Jake: Mm, implicitly.
Tobias: You’re just trying to buy value, but really what you’re doing is you’re having a big commodity bet. Maybe that’s why value fell apart so much for the last ten years. It was just all commodity bets when there were cheaper businesses, cheaper compounders around.
Bill: This is a big-time commodities bet, it looks to me. Valero, Cheniere, CF Energy, Marathon Petroleum, ExxonMobil, Pfizer, Mueller, I don’t know, what they do. Suncor, [unintelligible 00:20:26], Chevron, Bungie or Bun-gee, ConocoPhillips, Imperial Oil, AIG, you get some insurance in there, Phillips 66, Canadian Natural Resources, Pilgrim’s Pride, [crosstalk]. Yeah, you got a lot of commodities in this thing.
Jake: I guess the question is like reversion to which mean are you betting on? Is this a reversion to the mean of these valuations have been beat up for ten years? Is it a reversion to the mean of, “This has worked for two years and now, we’re reverting back to quality businesses carrying the next decade”? I guess it’s not so easy to answer that question. I think it depends on, probably, however you have your position portfolio is an expression of which reversion you’re expecting.
Tobias: Yeah. I think when I read that story about Icahn buying– I can’t remember it. Whether it was U.S. Steel or it was one of the oil companies at one time’s earnings, and just thinking, “That’s crazy.” You never see an opportunity like that again. Clearly, you see them these days, everybody else thinks it’s over earning. I think it is such an overstatement of the true earning power that you should be trading at one time earnings. One time is– [crosstalk]

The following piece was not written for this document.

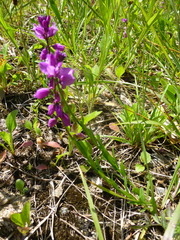 Polygala comosa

Bill: Yeah, these things aren’t at one time. That’s the problem.
Jake: Well, what was Valero? Five times?
Bill: Yeah, five current cash flow. Yeah, for sure. Maybe that continues.
Jake: That’s pretty cheap. I don’t know, if maybe my recency bias of the last bubble years, but that feels kind of cheap.

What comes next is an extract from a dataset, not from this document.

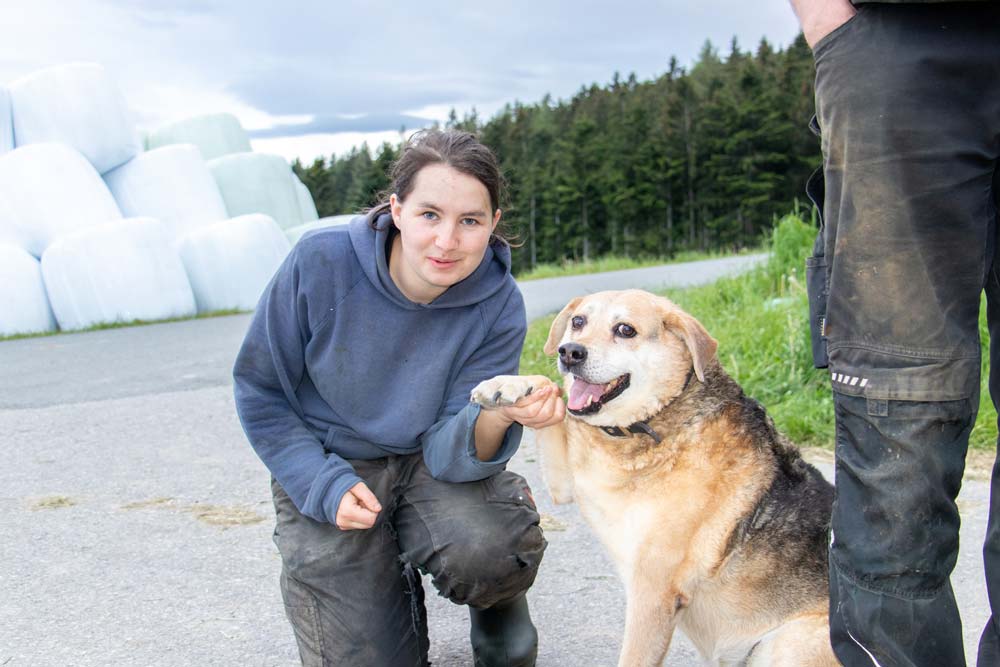 Der Haushund fühlt sich sichtlich wohl auf dem Hof.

Bill: Well, yeah, if you think $3 billion is the normalized cash flow, it’s 16 times that, 17 times that– Well, you do have a $9 billion year, you’ve also got a negative $840 million a year within the last three years.
Jake: Sure.
Tobias: Oh, that was– Yeah.
Bill: [crosstalk] You got to own it when the outlook doesn’t look good again. At that time, you’re probably looking at a 30% drawdown and wondering whether or not your underwriting thesis was accurate.